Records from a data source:
%%

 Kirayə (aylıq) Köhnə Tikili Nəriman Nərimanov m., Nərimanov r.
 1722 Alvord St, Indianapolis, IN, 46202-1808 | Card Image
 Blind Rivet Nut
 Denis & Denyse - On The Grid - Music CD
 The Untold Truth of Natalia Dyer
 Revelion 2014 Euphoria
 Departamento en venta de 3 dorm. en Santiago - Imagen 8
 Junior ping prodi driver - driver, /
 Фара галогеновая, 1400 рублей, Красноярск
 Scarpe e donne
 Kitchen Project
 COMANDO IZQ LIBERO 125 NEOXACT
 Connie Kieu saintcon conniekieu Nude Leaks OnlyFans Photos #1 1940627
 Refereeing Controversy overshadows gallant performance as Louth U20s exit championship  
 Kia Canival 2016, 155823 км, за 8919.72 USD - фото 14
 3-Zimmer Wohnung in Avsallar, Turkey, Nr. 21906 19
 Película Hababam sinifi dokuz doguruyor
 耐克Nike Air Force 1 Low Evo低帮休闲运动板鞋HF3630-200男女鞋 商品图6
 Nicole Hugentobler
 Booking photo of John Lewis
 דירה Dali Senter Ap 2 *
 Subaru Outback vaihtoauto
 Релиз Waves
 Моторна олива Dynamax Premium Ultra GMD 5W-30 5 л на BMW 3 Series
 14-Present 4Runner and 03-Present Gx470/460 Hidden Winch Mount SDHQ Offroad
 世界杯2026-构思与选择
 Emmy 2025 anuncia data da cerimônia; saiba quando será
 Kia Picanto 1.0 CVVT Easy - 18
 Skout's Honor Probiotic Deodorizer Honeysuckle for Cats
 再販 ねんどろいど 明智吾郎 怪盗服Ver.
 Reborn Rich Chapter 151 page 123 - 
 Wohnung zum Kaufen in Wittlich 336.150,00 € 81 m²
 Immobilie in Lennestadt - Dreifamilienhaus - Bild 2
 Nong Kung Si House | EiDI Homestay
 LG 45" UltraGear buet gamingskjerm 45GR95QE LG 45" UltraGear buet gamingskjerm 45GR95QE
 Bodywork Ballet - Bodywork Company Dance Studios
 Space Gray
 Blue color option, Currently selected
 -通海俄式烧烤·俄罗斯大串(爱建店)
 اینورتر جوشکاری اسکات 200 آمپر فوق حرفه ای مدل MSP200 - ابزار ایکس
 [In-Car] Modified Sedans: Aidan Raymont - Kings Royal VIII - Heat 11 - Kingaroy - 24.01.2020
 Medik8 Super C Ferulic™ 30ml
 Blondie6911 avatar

%%

Try it:
Please write out only the lines from the one containing "Wohnung zum Kaufen" to the end of the records above, exactly, both ends included.

Your response:
 Wohnung zum Kaufen in Wittlich 336.150,00 € 81 m²
 Immobilie in Lennestadt - Dreifamilienhaus - Bild 2
 Nong Kung Si House | EiDI Homestay
 LG 45" UltraGear buet gamingskjerm 45GR95QE LG 45" UltraGear buet gamingskjerm 45GR95QE
 Bodywork Ballet - Bodywork Company Dance Studios
 Space Gray
 Blue color option, Currently selected
 -通海俄式烧烤·俄罗斯大串(爱建店)
 اینورتر جوشکاری اسکات 200 آمپر فوق حرفه ای مدل MSP200 - ابزار ایکس
 [In-Car] Modified Sedans: Aidan Raymont - Kings Royal VIII - Heat 11 - Kingaroy - 24.01.2020
 Medik8 Super C Ferulic™ 30ml
 Blondie6911 avatar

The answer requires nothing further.